After calculating the four probabilities, we've fitted our Naive Bayes model. For the next step, we use the model to predict the reviews using validation data. We compute the log-likelihood of being a fresh, `l_F`, or rotten, `l_R`, review for each quote in the validation dataset.  
We create two functions to make the calculation easier.

In [11]:
def log_calF(X_valid, lpr_wF, lpr_F):
    """Take in an array and output the log-likelihood of Fresh"""
    temp_pr_wF = X_valid*lpr_wF
    # change nan to 0
    temp_pr_wF = np.nan_to_num(temp_pr_wF)
    # change -0 to 0
    temp_pr_wF = np.where(np.nan_to_num(temp_pr_wF)==0, 0, temp_pr_wF)
    total = lpr_F + sum(temp_pr_wF)
    return total

def log_calR(X_valid, lpr_wR, lpr_R):
    """Take in an array and output the log-likelihood of Rotten"""
    temp_pr_wR = X_valid*lpr_wR
    # change nan to 0
    temp_pr_wR = np.nan_to_num(temp_pr_wR)
    # change -0 to 0
    temp_pr_wR = np.where(np.nan_to_num(temp_pr_wR)==0, 0, temp_pr_wR)
    total = lpr_R + sum(temp_pr_wR)
    return total

In [12]:
# apply fuctions to the data and calculate the log-likelihood of the quote being a Fresh or Rotten reviews 
l_F = np.apply_along_axis(log_calF, 1, X_valid, lpr_wF, lpr_F)
l_R = np.apply_along_axis(log_calR, 1, X_valid, lpr_wR, lpr_R)
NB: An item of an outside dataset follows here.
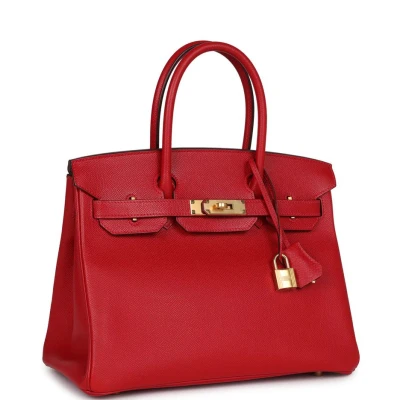 Hermes Birkin 30 Rouge Casaque Epsom Gold Hardware Hermes Birkin 30 Rouge Casaque Epsom Gold Hardware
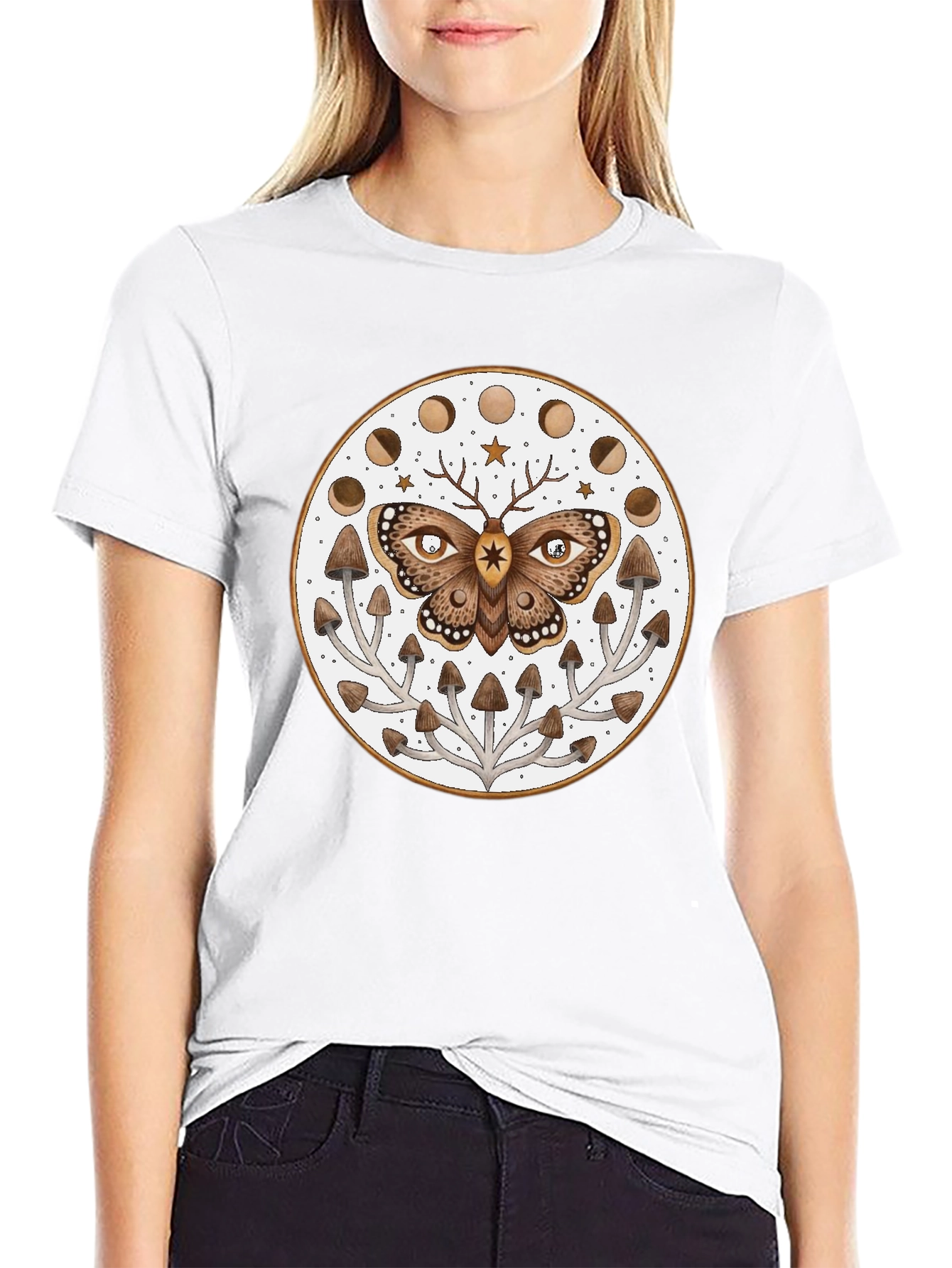 Moth Moon Phase Mushroom T-Shirt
Next, we compare the probabilities of being fresh and rotten so as to see the quote is predicted as fresh or rotten review. For example, if the probability of being a fresh quote is bigger than the probability of being a rotten quote, then the quote is predicted as fresh.  
*We'll ignore the situation where the probabilities are the same for now. (i.e. `l_F` = `l_R`)*

In [13]:
def F_or_R(array):
    """Take in a quote and output whether the quote is predicted as Fresh or Rotten based on the log-likelihood.
    If the log-likelihood of Fresh and Rotten are the same, return Rotten"""
    array = np.where(array == True, 'fresh', 'rotten')
    return array

In [14]:
# apply function to the data and return a prediction array
predicted = np.apply_along_axis(F_or_R, 0, l_F > l_R)

# print out how many cases with the same probabilities
print('There are %i quotes with the same probabilities of Fresh and Rotten. We\'ll ignore that first.' %sum(l_F==l_R))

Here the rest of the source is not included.